Similar to diabetic ED, hypertension-related ED may be related to augmented contractile signaling in the CC as well. Deoxycorticosterone acetate-salt-induced hypertensive animals showed increased cavernous contractile responses to both ET-1 and the α-adrenergic receptor agonist phenylephrine.[113,114] As to the downstream signaling, although protein expression levels of ROCK in the CC of deoxycorticosterone acetate-treated animals were similar to those of control animals, the phosphorylated form of myosin phosphatase regulatory subunit, a downstream effector of ROCK, was increased in cavernous tissue from deoxycorticosterone acetate animals.[114] In the spontaneously hypertensive rat, Wilkes et al.[115] found that hypertension-related ED is associated with elevated penile RhoA levels and that inhibition of ROCK activity with Y-27632 was beneficial in attenuating the decline in erectile function. In another study, ROCK2 protein was found to be elevated in spontaneous hypertensive rats.[81] However, Behr-Roussel et al.[116] found both a reduced cavernous contractile response to phenylepherine and an impaired endothelium-dependent relaxation to acetylcholine in spontaneous hypertensive rats. The authors proposed that the pathophysiology of ED in hypertension is the result of an increase in cyclooxygenase-dependent constrictor tone, although a defect of endothelial or neuronal NO production and/or bioavailability cannot be excluded.

Aging-related ED

Aging is closely related to ED, and interestingly, despite an increased contractile response in the CC,[117] aged animals showed decreased (rather than increased) penile concentration of NE[110] and expression of L-type VGCC and ryanodine receptors.[118] It is possible that aging mainly impairs the relaxation signaling, resulting in 'unmasking' of the contractile signaling. However, Jin et al.[119] reported that though the expression of total RhoA remains unchanged, membrane-bound RhoA and phosphorylated myosin phosphatase regulatory subunit in the CC of aged rats are increased, indicating that enhanced RhoA and ROCK activity may play a role. Treatment with an Ang-II receptor antagonist[120] and the ROCK inhibitor Y-27632[121] also improve erectile function in aged animals, indicating that elevated contractile tone may be involved in aging-related ED.

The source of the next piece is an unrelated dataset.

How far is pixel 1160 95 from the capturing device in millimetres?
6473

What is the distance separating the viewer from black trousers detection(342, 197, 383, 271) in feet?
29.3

ED Caused by Cavernous Nerve Injury

Cavernous nerve injury is another common cause of ED. Following cavernous nerve injury, animals show penile fibrosis, that is, decreased smooth muscle and increased collagen content.[122] Gratzke et al.[82] reported that bilateral cavernous nerve injury causes increased RhoA and ROCK2 protein expression, and increased RhoA GTPase and ROCK activity in rat CC. The penile ROCK1 protein expression is unchanged in these animals. However, Cho et al.[123] found increased ROCK1 expression in the CC of rats following cavernous nerve injury. In accordance with these findings, ICI of Y-27632 causes a significantly greater increase in intracavernosal pressure in nerve-injured rats compared to that in sham-operated rats.[123]